Mr. Wilmer by Robert Lawson is the story of William Wilmer. William lives a very dull life of routine and nothing exciting ever happens to him... Unless of course, you count the smile he receives every day from the beautiful red-headed Miss Sweeney, a secretary at the Safe, Sane and Colossal Insurance Company where he works.
Even William's birthdays are dull and predictable. In fact, as the narrator tells us, William wouldn't even remember his birthday if it weren't for the usual birthday card from his Aunt Edna with the usual birthday greeting. The story opens on the morning of William Wilmer's twenty-ninth birthday. The day dawns as ordinary as any day and William has no reason to expect that it will be any different... that is up until the moment that the Policeman's horse speaks to him...

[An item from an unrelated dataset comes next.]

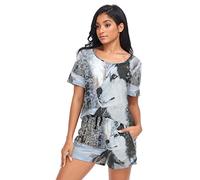 YOUJUNER Schlafanzug Damen Kurz Husky-Hundedekor Pyjama Set Sommer Kurzarm Pyjamaset Nachtwäsche Zweiteiliger Hausanzug Sleepwear Loungewear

Very quickly William Wilmer's dull and uneventful life is turned upside down and his new found gift sets him on some wonderful and exciting adventures.
Mr. Wilmer is a delightful story. If you are expecting a Dr. Doolittle type story, this is not it, though I can understand the confusion considering it's about a man who talks to animals.
I first heard this story as a child when my mother read it aloud to my siblings and I. The copy she read was borrowed from a local library, though a few years later when I returned to borrow it I could no longer find it. A couple years later I went on a search to find my own copy and was successful in purchasing an old library edition published in 1945.
The story is a fun and quick read even though it totals 218 pages. Robert Lawson illustrated his story with clever pen and ink sketches that added depth to the story. As early as I can remember I have been a fan of Robert Lawson's drawings. I mentioned him before on this blog as the illustrator for the children's book Ferdinand. Lawson also wrote and illustrated a wonderful story called Rabbit Hill, which is told from the animals perspective. But far and above all his works I love Mr. Wilmer.
Although this may be a difficult book to locate it is worth the search. If your library doesn't own a copy be sure to check out some of the online used book stores. This is a treasure of a book, great as a read aloud to older children or even to read to oneself as a teen or adult.